Dear Friends and All Those Inspired by Occupy,
The February 28th National Protest to Stand with Occupy and Stop the Suppression is happening. A broad array of people from the arts, legal and religious communities will join together with youth and occupiers to say the suppression of the Occupy Movement must stop. I write today, because in the next 3 days this can be made even more powerful. But, right now this action is not being taken up with the urgency the situation demands.
Mass arrests, rubber bullets, pepper spray, police beatings and tear gas are thrown at the Occupy movement over and over again. Are you pulling out all the stops to make the February 28th national protests against the Suppression of Occupy Wall Street what it needs to be?
The nationwide systematic brutal suppression of the Occupy movement has had a terrible impact on how people throughout the country now think and feel about the possibility for real change, for a different way that people can be. Occupy changed the political conversation. People were asking big questions about the savage inequalities that ravage lives here and around the world. Occupy stepped out of accepting that. It became a badge of honor to be arrested and stand up to police brutality. But all that changed when every Occupy site, when most every protest by Occupy, met more vicious police repression.

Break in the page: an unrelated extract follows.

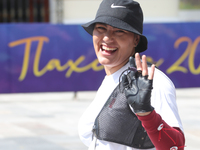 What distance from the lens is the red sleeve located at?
1876 mm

When a movement like Occupy which embodies people’s hopes is suppressed and then when that is allowed to stand unchallenged by the whole society, people broadly become demoralized and go back to their lives. The media has an even freer hand to ratchet up its demonization and marginalization of the movement: “they’re just the unwashed misfits who won’t get a job, and they’re violent.” If the suppression of thought and expression is not called out by people from all walks of life for being unjust and wrong, then the lies take hold, the feeling that you can’t really fight the power sets in, and the iced over thinking that had begun to thaw with Occupy begins to ice over again.
What’s just as bad is the government and the 1% it serves get a green light to continue with repressive measures that are immoral and illegitimate—even by their own stated principles and laws.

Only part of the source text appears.